Once you file a consumer proposal, we deal directly with your creditors on your behalf. Your unsecured creditors are required to stop contacting you or continuing legal proceedings against you. Contact us for a free consultation.
Frequently Asked Questions
Filing a proposal requires that you be 'Insolvent'. The Bankruptcy & Insolvency Act defines an insolvent person as an individual who owes more than $1,000 and is unable to meet their debt obligations as they become due. You are also insolvent if the fair value of your assets and property is less than your total debts.
When you meet with a Licensed Insolvency Trustee from our office, they will help you understand if a consumer proposal is the proper option for your situation.

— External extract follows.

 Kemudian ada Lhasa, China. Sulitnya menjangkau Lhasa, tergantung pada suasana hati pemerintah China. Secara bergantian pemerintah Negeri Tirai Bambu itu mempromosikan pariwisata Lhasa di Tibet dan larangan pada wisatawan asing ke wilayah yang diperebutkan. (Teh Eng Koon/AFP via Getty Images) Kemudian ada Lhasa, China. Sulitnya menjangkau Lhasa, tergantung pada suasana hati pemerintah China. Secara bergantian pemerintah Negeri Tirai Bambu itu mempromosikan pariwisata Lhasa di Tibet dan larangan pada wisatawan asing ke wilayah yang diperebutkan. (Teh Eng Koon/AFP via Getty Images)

A consumer proposal is one of the most popular debt relief options that exists in Canada.
A consumer proposal allows you to avoid bankruptcy, retain your assets, and have a lessor credit rating impact compared to bankruptcy.
It can have you debt-free in a relatively short period of time and free up valuable cash flow to help achieve your goals such as paying off your secured debts (such as a car loan) faster or saving a rainy day fund.
While other debt-relief options exist, when eligible and suffering from major financial difficulties a proposal can be the best way out. You can also check out our blog on 10 ways to pay off debt faster.
We also wrote an article specifically answering 'Is a consumer proposal work it?'.
Consumer proposals are rarely rejected, but if the creditor rejects your consumer proposal, you have the opportunity to go back to your creditors and offer them more money.
In the rare event your proposal is not accepted, you are not automatically forced into bankruptcy. Although it may be the only viable option remaining.
You may be asking yourself? Why would a consumer proposal be rejected? It is because they do not like the terms you originally offered in your proposal. The good thing is, you can always go back to your creditors and ask them to accept different terms.
There is no up-front cost to file a consumer proposal with our office.
Our fees are regulated by the Federal Government and are paid out of the money you offer to your creditors. For example, if you owed $30,000 and wanted to offer your creditors $12,000 ($200 per month over 5 years) the $200 monthly payment includes our fees.